Many of the Receptors in IEDB do not have the full variable domains for one chain, let along multiple chains. e.g. https://www.iedb.org/receptor/184739 has V, J, CDR3 for alpha and beta chains, but there is no full V domain.

It's a TCR, so the full V domain is implied. I think it's ok.

Problem is that the receptor_variable_domain_1_aa field is required (as is the domain 2 field), non-nullable, and says:

        receptor_variable_domain_1_aa:
            type: string
            description: >
                Complete amino acid sequence of the mature variable domain of the Ig heavy, TCR beta or TCR delta chain.
                The mature variable domain is defined as encompassing all AA from and including first AA after the the
                signal peptide to and including the last AA that is completely encoded by the J gene.
            example: >
              QVQLQQPGAELVKPGASVKLSCKASGYTFTSYWMHWVKQRPGRGLEWIGRIDPNSGGTKYNEKFKSKATLTVDKPSSTAYMQLSSLTSEDSAVYYCARYDYYGSSYFDYWGQGTTLTVSS
            x-airr:
                nullable: false
                adc-query-support: true

So because we don't have the AA variable domains, you can't create an AIRR standards compliant Receptor object for https://www.iedb.org/receptor/184739

It seems to me that our requirements are to stringent.

[bussec]

The stringency in the schema is deliberate, as the purpose of Receptor was always to be complementary to the potentially incomplete receptor information in IEDB. People are free to download the IEDB database and all Receptor objects from the ADC and use whatever algorithm and arbitrary threshold they want to make guesses whether they are sufficiently similar. But I don't think that we need to degrade our schema for that.

[bcorrie]

I understand that use case, but if that is indeed the case, then we do not have a mechanism to link an AIRR entity to a known entity in another repository (e.g. IEDB) unless it meets those strict criteria.

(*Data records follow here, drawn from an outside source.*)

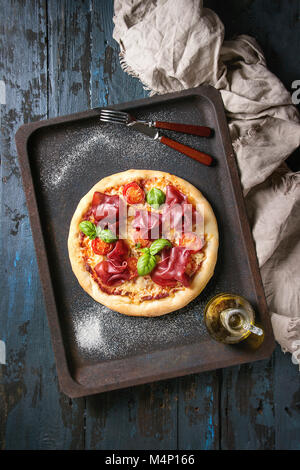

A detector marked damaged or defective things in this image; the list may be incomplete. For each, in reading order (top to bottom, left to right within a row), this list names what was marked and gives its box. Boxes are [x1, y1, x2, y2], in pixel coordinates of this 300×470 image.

rusty tray edge [15, 86, 276, 398]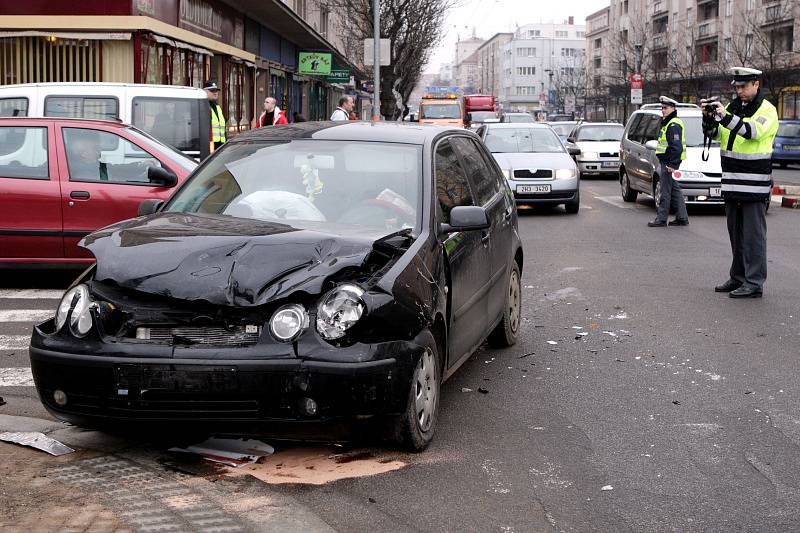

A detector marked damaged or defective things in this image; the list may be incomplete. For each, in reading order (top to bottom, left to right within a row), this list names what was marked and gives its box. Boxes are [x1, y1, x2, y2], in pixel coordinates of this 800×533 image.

broken headlight [54, 282, 96, 336]
crumpled car hood [82, 210, 390, 306]
black damaged car [28, 121, 520, 448]
broken headlight [268, 304, 308, 340]
broken headlight [316, 282, 366, 340]
damaged front bumper [28, 318, 422, 434]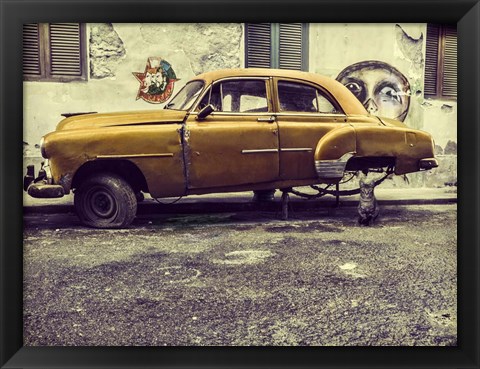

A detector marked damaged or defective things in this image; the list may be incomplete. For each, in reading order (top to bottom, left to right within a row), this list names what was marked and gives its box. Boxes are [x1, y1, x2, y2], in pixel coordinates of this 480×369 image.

broken bumper [23, 162, 65, 198]
abandoned vehicle [25, 67, 438, 226]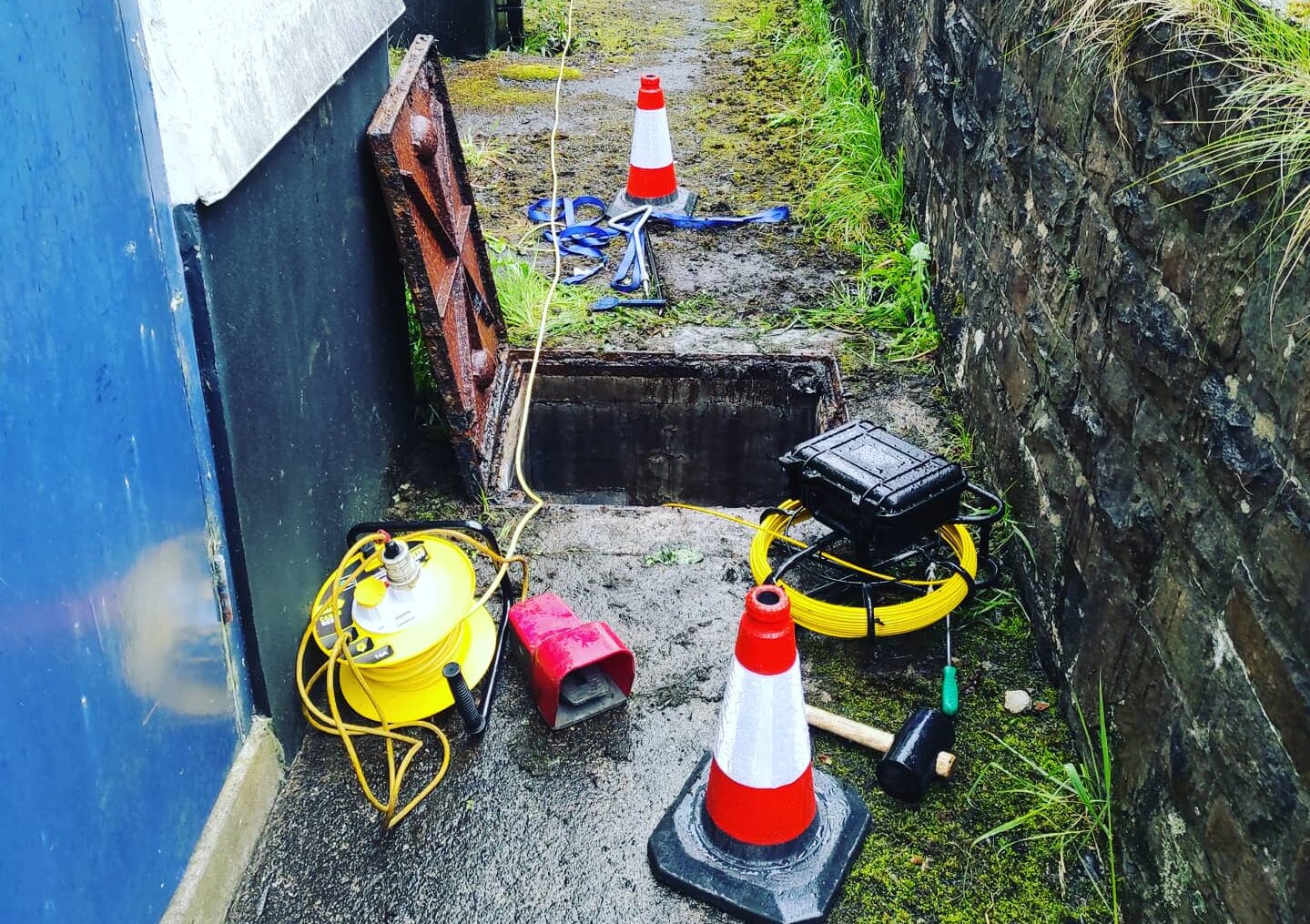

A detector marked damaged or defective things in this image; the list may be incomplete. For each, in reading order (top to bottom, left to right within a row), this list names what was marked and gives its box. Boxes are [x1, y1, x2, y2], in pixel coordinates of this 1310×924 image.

rusty metal cover [373, 35, 513, 495]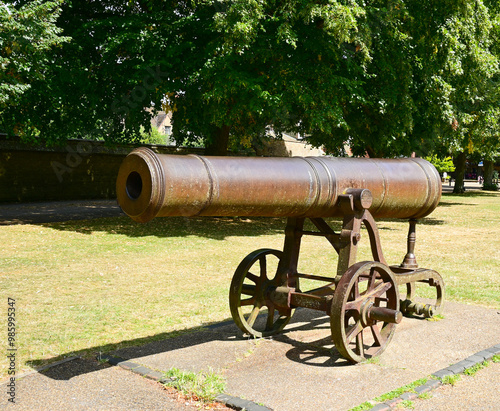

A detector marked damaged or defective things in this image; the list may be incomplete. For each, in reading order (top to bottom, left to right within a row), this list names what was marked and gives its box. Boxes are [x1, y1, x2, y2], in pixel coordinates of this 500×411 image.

rusty cannon barrel [116, 148, 442, 224]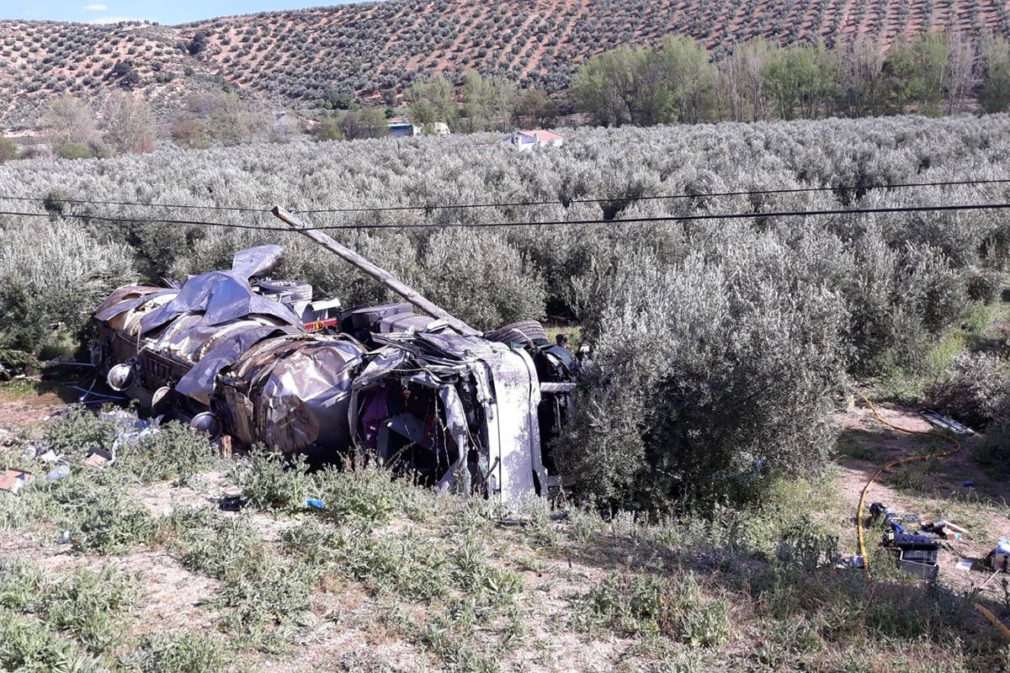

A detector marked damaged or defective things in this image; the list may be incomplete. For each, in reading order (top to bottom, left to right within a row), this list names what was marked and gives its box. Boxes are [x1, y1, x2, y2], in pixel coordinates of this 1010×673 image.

There are 150,000+ such entities in IEDB that contain Receptor -> antigen/epitope reactivity information that we are unable to link to given the above constraints. My understanding of the AIRR Receptor object was that it would help us make such a link. You aren't telling me I have been wrong all this time are you 8-)

[bcorrie]

People are free to download the IEDB database and all Receptor objects from the ADC and use whatever algorithm and arbitrary threshold they want to make guesses whether they are sufficiently similar. But I don't think that we need to degrade our schema for that.

But shouldn't our schema have a mechanism to capture when such an algorithm is used to annotate an AIRR entity (Cell or Rearrangement) with such specificity/reactivity information.

[bcorrie]

Suggest we move this discussion to #781 and merge this PR.

[javh]

There's currently no Cell documentation to verify w.r.t. CL importance, so we'll come back to it.